WORK REQUIRED: Make an exact copy of the data below, leaving out every picture.

DATA TO USE:
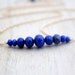 Lapis Lazuli Bar Necklace In Gold Filled, Graduated Cobalt Blue AAA Gemstone Necklace - Circlet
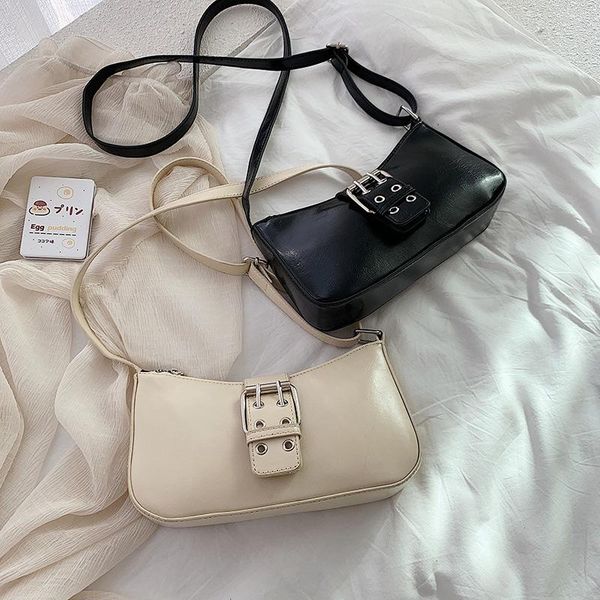 

shoulder bags fashion messenger bag designer pu exquisite shopping retro casual lady handbag female leather solid color chain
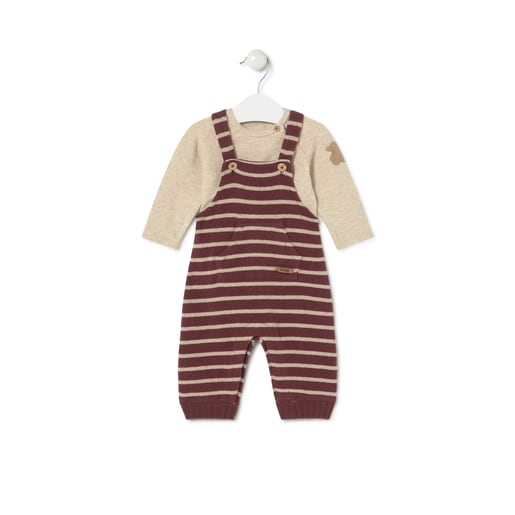 Boys outfit in Garnet maroon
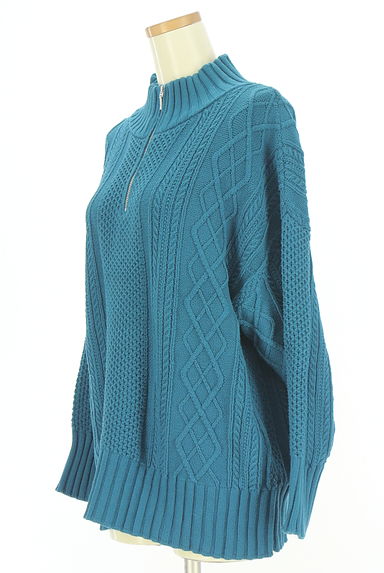 studio CLIP（スタディオクリップ）の古着「ハーフジップケーブルニット（ニット）」大画像３へ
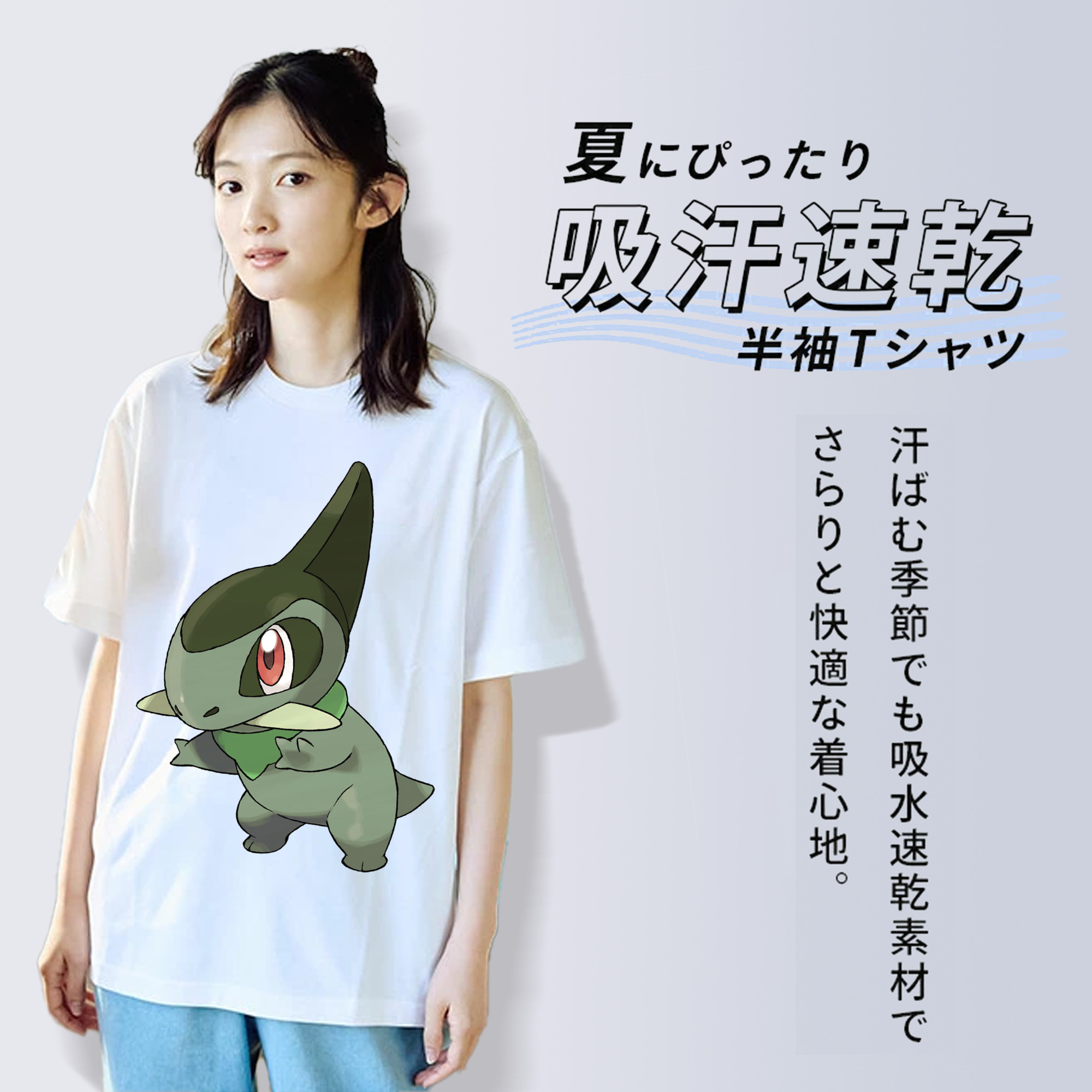ポケットモンスター Pokémon レディースカジュアルプリントTシャツ（綿100％）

WRITTEN ANSWER:
 Lapis Lazuli Bar Necklace In Gold Filled, Graduated Cobalt Blue AAA Gemstone Necklace - Circlet

shoulder bags fashion messenger bag designer pu exquisite shopping retro casual lady handbag female leather solid color chain
 Boys outfit in Garnet maroon
 studio CLIP（スタディオクリップ）の古着「ハーフジップケーブルニット（ニット）」大画像３へ
ポケットモンスター Pokémon レディースカジュアルプリントTシャツ（綿100％）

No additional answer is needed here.